● **Work to be completed**: Reproduce the following data exactly, minus any images.

● **Short web captions**:
# # # # #

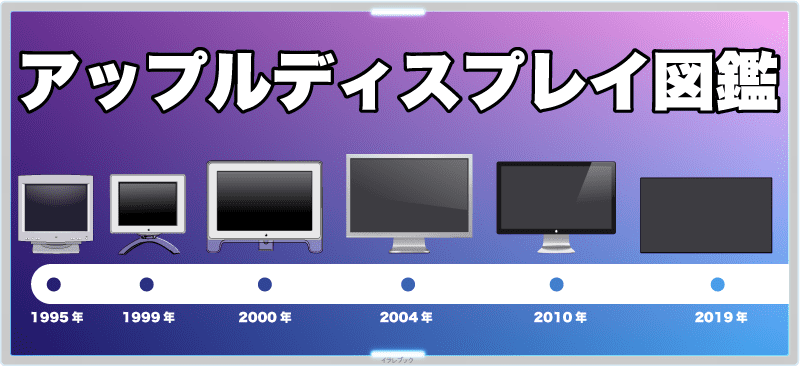 アップルディスプレイの歴史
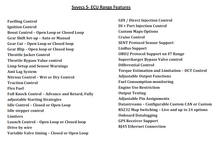 Load image into Gallery viewer, SYVECS S7I – STAND ALONE ECU
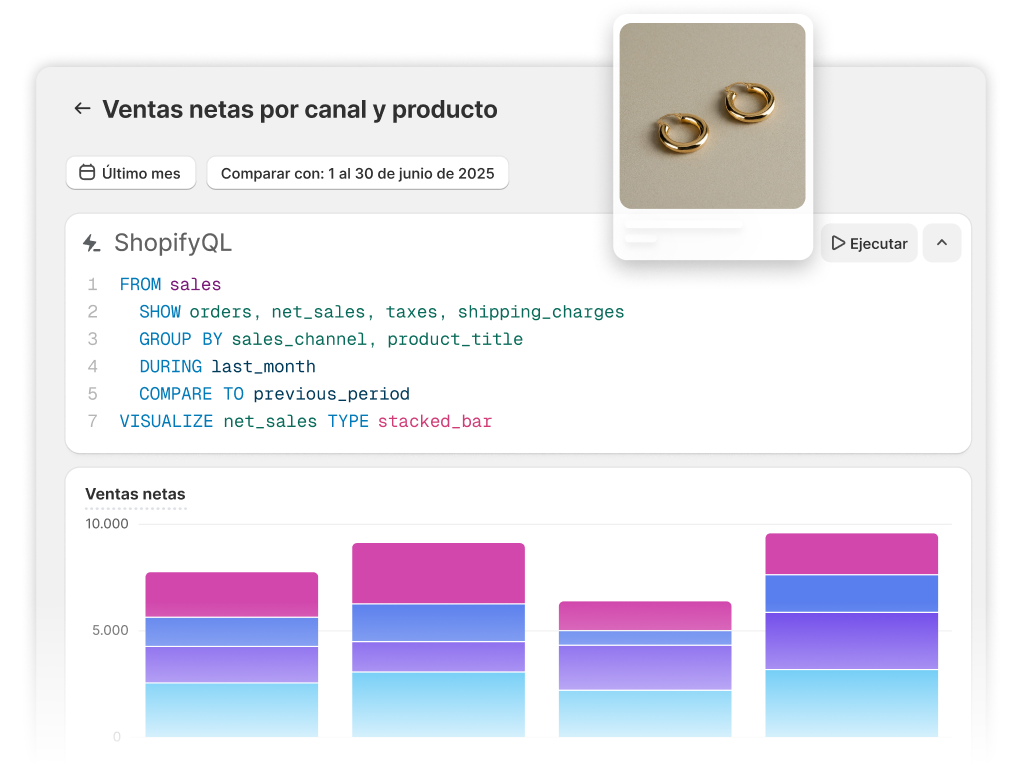 Collage de pendientes dorados, los logos de Google y Meta, y una ventana emergente en una computadora con datos sin procesar para conectar la API.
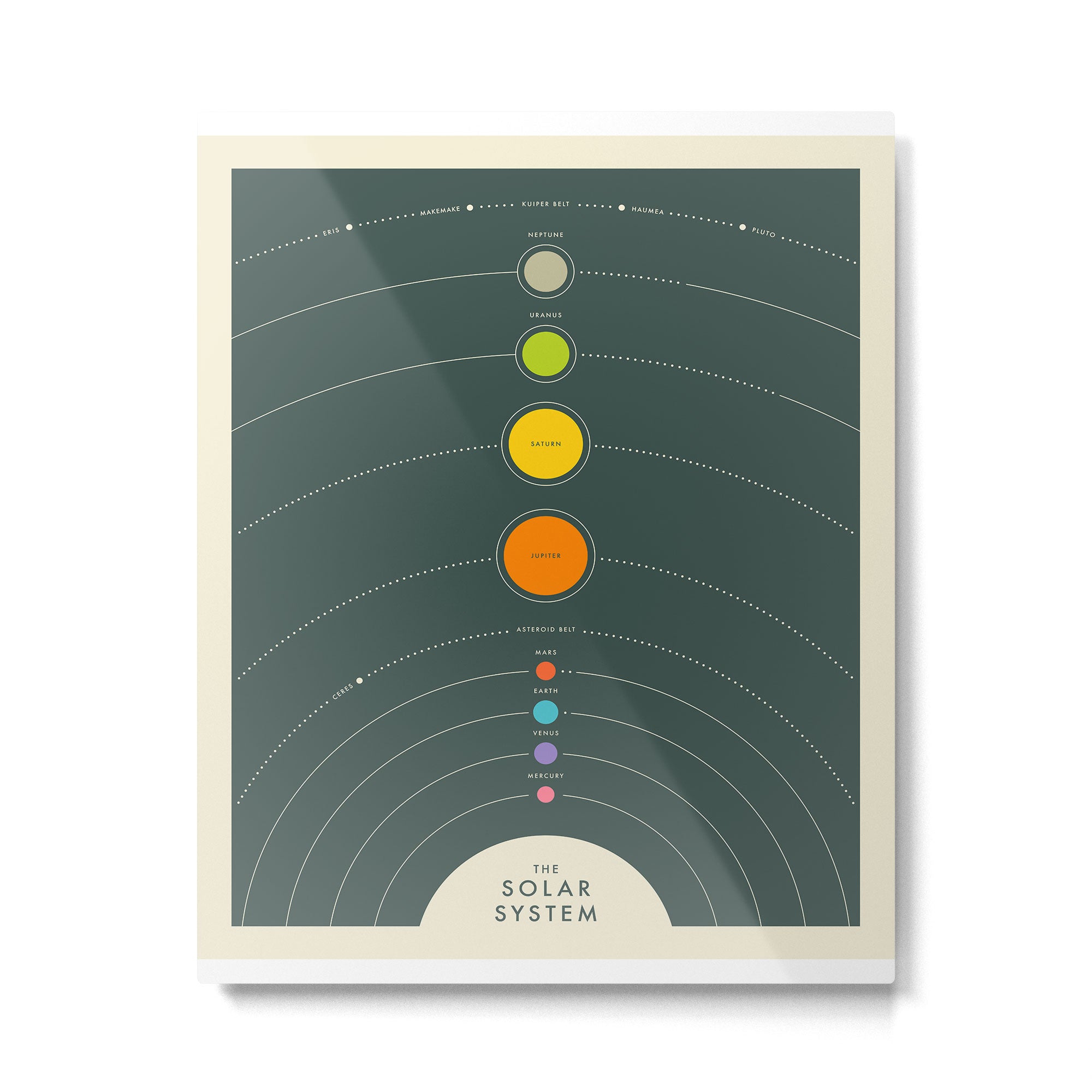 THE SOLAR SYSTEM Metal Print Gallery Image 4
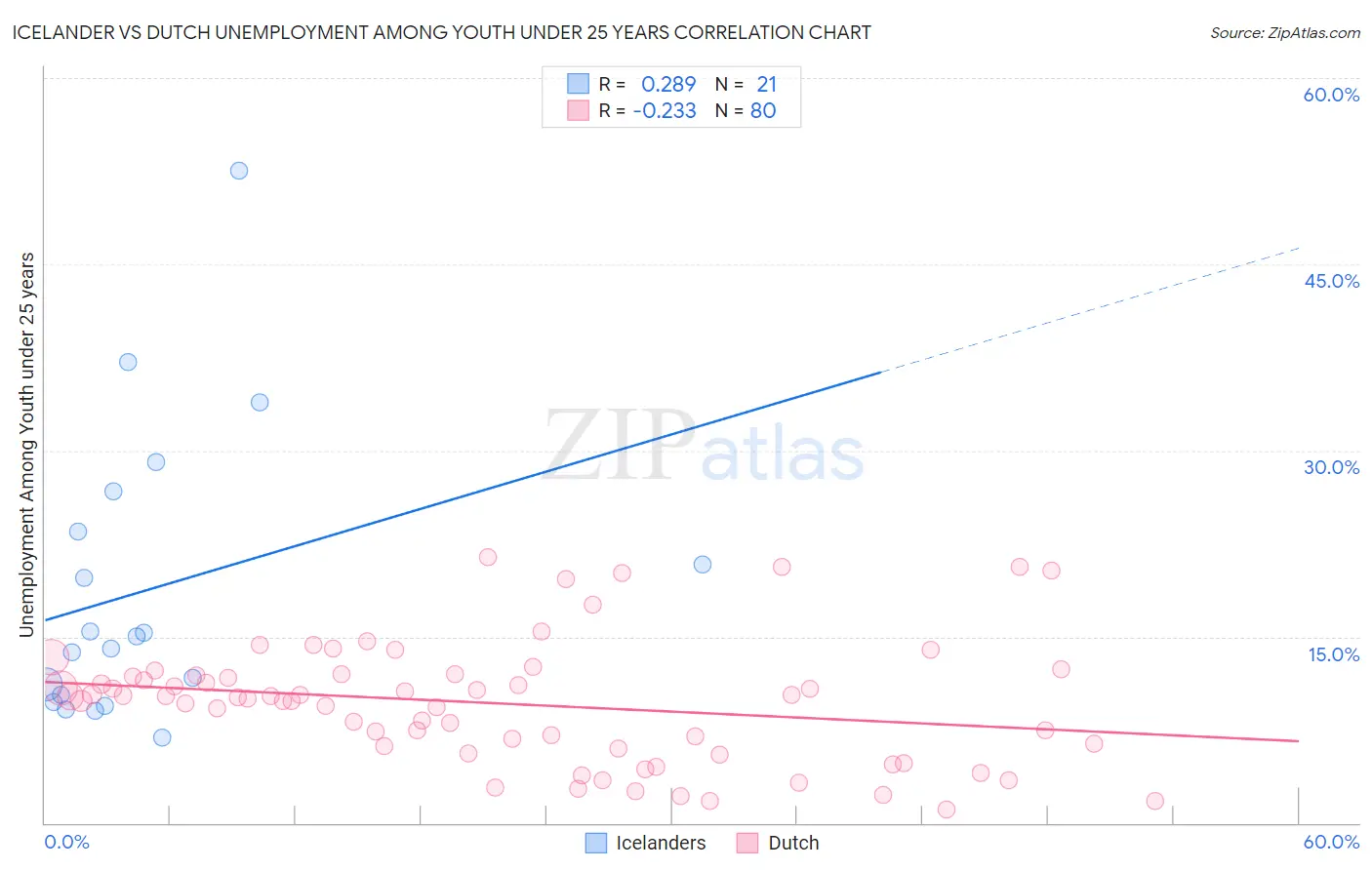 Icelander vs Dutch Unemployment Among Youth under 25 years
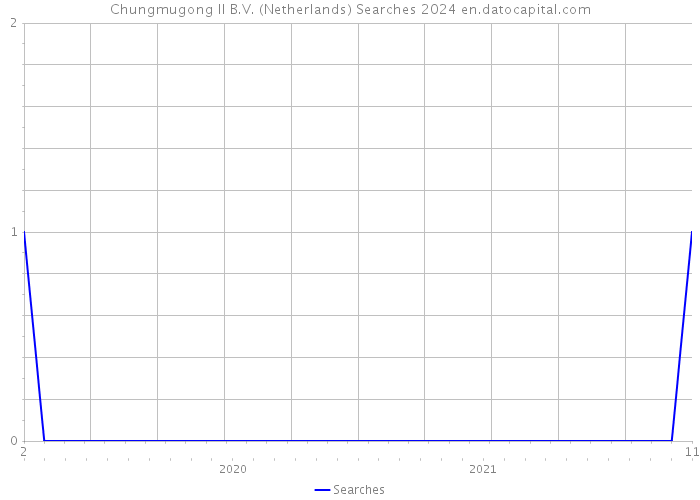 Chungmugong II B.V. (Netherlands) Searches 2024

# # # # #

● **Written response**:
 アップルディスプレイの歴史
 Load image into Gallery viewer, SYVECS S7I – STAND ALONE ECU
 Collage de pendientes dorados, los logos de Google y Meta, y una ventana emergente en una computadora con datos sin procesar para conectar la API.
 THE SOLAR SYSTEM Metal Print Gallery Image 4
 Icelander vs Dutch Unemployment Among Youth under 25 years
 Chungmugong II B.V. (Netherlands) Searches 2024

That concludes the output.